■ Problem to solve: Print the whole listing below exactly as given, pictures excluded.
Start of Raw data
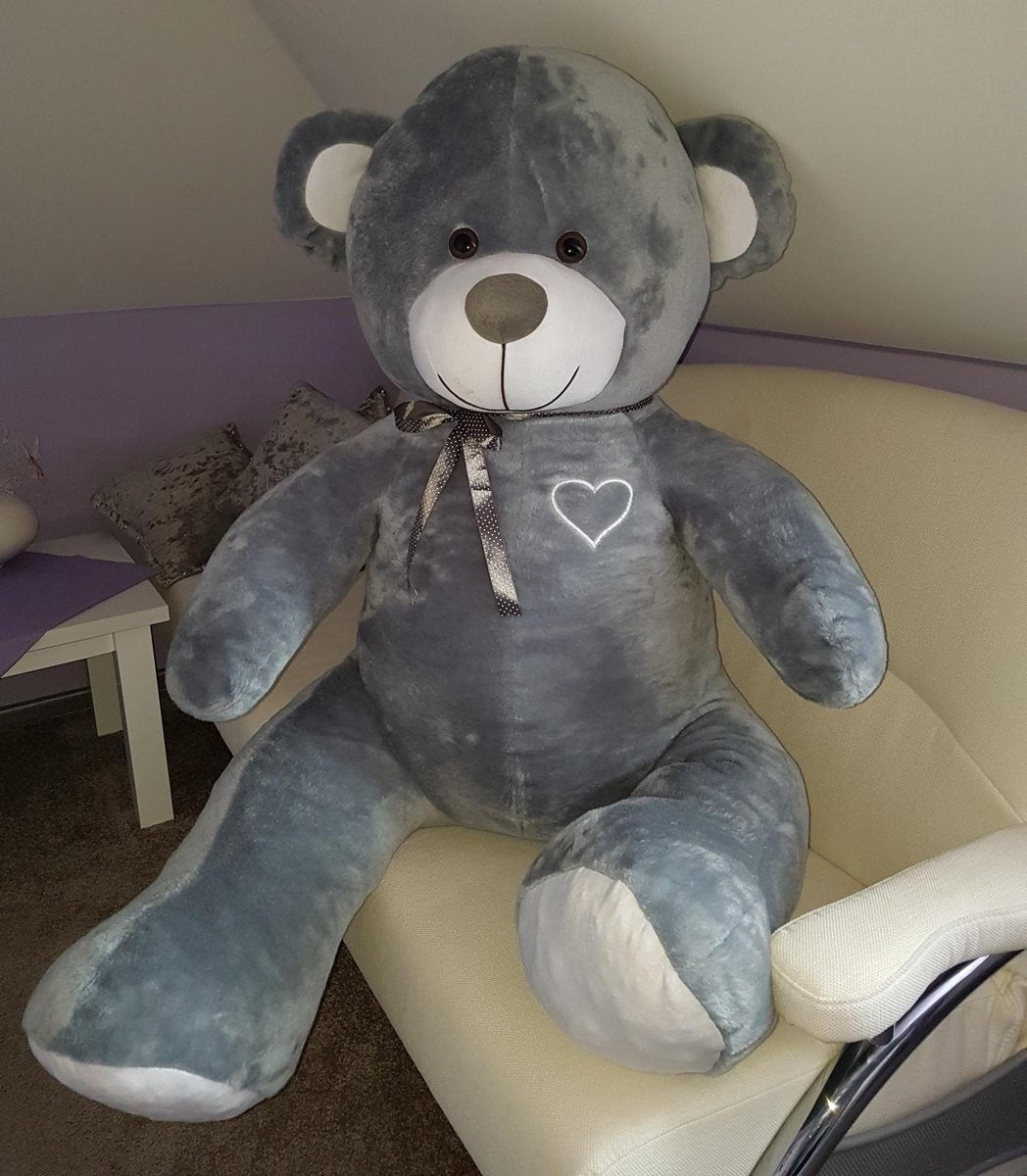 Teddybeer - i love you tekst - roze - 190 cm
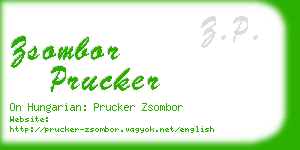 zsombor prucker business card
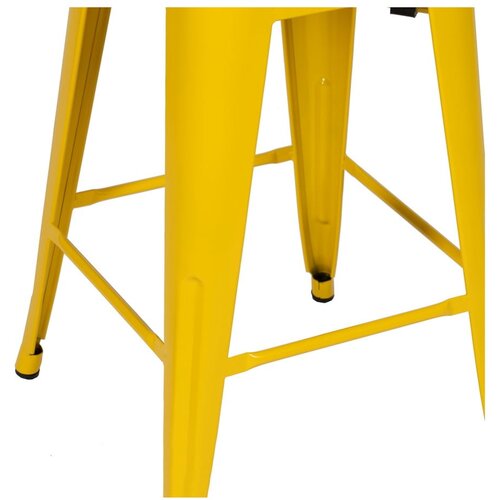 Ixia Rumeni kovinski barski stoli v kompletu 2 ks (vi&amp;scaron;ina sedeža 61 cm) &amp;ndash; Slike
End of Raw data
■ Exercise answer:
 Teddybeer - i love you tekst - roze - 190 cm
 zsombor prucker business card
 Ixia Rumeni kovinski barski stoli v kompletu 2 ks (vi&amp;scaron;ina sedeža 61 cm) &amp;ndash; Slike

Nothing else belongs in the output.